第966章烬影藏危
观洲擦拭着缴获的“河伯”纹玉碟,指腹刚触到纹路凹陷处,玉碟表面的矿砂突然沸腾。汴京皇宫的场景在砂雾中浮现:赵匡胤指尖泛着暗赤,正对马楚“疆心眼”模型注入邪频,模型心口赫然嵌着伪造的“润”字纹磁矿,每道刻痕都与观洲的掌纹如出一辙。
“这是‘换疆’术的阵眼。”他算筹轻点玉碟,边缘渗出的矿砂勾勒出北宋细作的埋线轨迹,“他们要用假磁频替换楚地灵脉,将分治区变成赵匡胤的囊中之物。”而我注意到,他说话时,守户符的裂纹正以肉眼可见的速度蔓延,与小周后银簪的裂痕完美重合。
战后检视观洲的守户符,青白玉上的纹路让我呼吸一滞。那些蛛网般的裂痕深处,竟藏着与我令牌相同的“护疆”纹灼痕。当他下意识握紧拳头,掌心浮现的印记与我当年为护金陵受创时的疤痕如出一辙,矿砂在地面聚成“共生”二字,却被一阵阴风吹散。
钱楚华的急报送来时,吴越军营正陷入混乱。“润字箭”的磁矿箭簇集体失频,观洲算筹扫过箭杆,矿砂如遇沸油般炸开,显形出蠕动的“蚀疆菌”。他捏起降将鞋底的炉灰,瞳孔骤缩:“河伯祠的灰里掺着汴京特有的冰裂纹瓷屑,是赵普‘融疆’蛊的载体!”
灵渠方向传来磁矿砖的异常共鸣,我腕间玉镯突然发烫,显形出“亲子疆闸”的画面。暗赤咒印如藤蔓缠绕闸门,观洲的算筹孤零零插在泥地,筹身“父急援”三字未干,边缘却渗出诡异的靛青——那是与他守户符同源的磁频,此刻却微弱得如同游丝。
观洲的密信磁频在子夜中断,最后残留的影像里,他正用算筹刻下紧急咒印。玉镯投影突然扭曲,显形出北宋细作的狞笑,他们手中握着沾满“蚀疆菌”的弩箭,箭头淬着的毒液,与降将鞋底的邪土成分完全一致。
我在军械库发现异常时,钱楚华的锻锤虚影正焦躁地敲击地面。新铸的“双脉护疆盾”表面,“潮王”纹与“重光”纹的交汇处,竟渗出暗褐色黏液。观洲算筹轻点,矿砂聚成赵普调配邪蛊的场景:他将“融疆”术与“惑心蛊”熔合,目标直指楚地民愿核心。
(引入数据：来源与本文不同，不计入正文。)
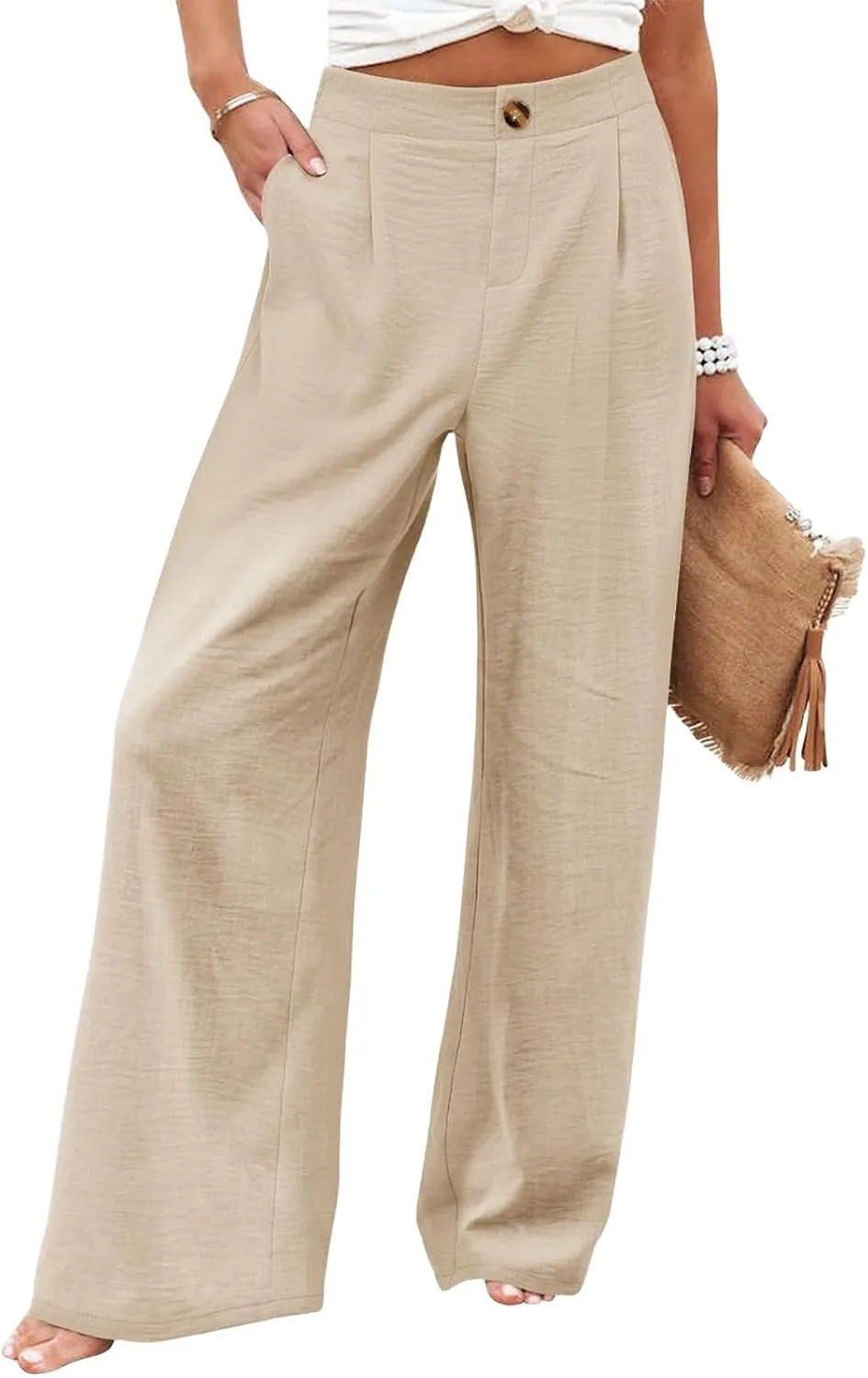 Wide Leg Dress Pants for Women High Waisted Business Casual Work Pants Comfy Baggy Pull On Trousers with Pockets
南部海港的“润字灯塔”突然发出刺耳警报,观洲设置的预警砂在空中聚成扭曲的“河伯”纹。我赶到时,只见灯塔磁矿核心被钻出细密孔洞,洞内残留的菌丝上,缠绕着与降将鞋底相同的冰裂纹瓷片碎屑。
观洲的“民情共振仪”传来断续蜂鸣,仪身投射的民心图上,暗赤裂痕如蛛网般扩散。矿砂显形出旧贵族府邸,赵普的细作正在用“融疆”蛊篡改他们的记忆,将对分治的信任,悄然替换成根深蒂固的敌意。
钱楚华送来的密报里,夹着半片刻有“赵”字的玉佩。矿砂解析后,显形出赵匡胤与赵普的密谋场景:他们计划在楚地灵脉节点植入“换疆”阵眼,用伪造的“润”字纹磁矿,将整片疆土的控制权,神不知鬼不觉地握入手中。
我再次查看观洲的守户符,裂痕已蔓延至符身中央。当令牌与之靠近,矿砂突然聚成小周后的面容,她银簪所指之处,正是灵渠深处的“亲子疆闸”,而那里,此刻正源源不断涌出暗赤邪雾。
观洲遗留的算筹突然震动,筹身浮现出他仓促刻下的密语:“父帅,小心内奸。。。共生纹。。。”话音未落,算筹表面的“润”字纹突然崩解,化作齑粉随风飘散,只留下一道未完成的警示弧线。
灵渠的水纹突然倒卷,矿砂显形出“亲子疆闸”的内部结构。暗赤咒印已侵蚀闸门核心,而在闸门缝隙中,隐约可见观洲守户符的碎片,每一片都在与邪雾艰难对抗,发出微弱的湖蓝光芒。
我握紧发烫的令牌,矿砂在地面聚成“烬影藏危”四字,却被灵渠涌来的邪雾瞬间吞噬。远处,汴京方向传来隐隐的钟鸣,而楚地的夜空下,那些未被扑灭的邪影,正蛰伏在暗处,等待着给予护疆者致命一击的时机。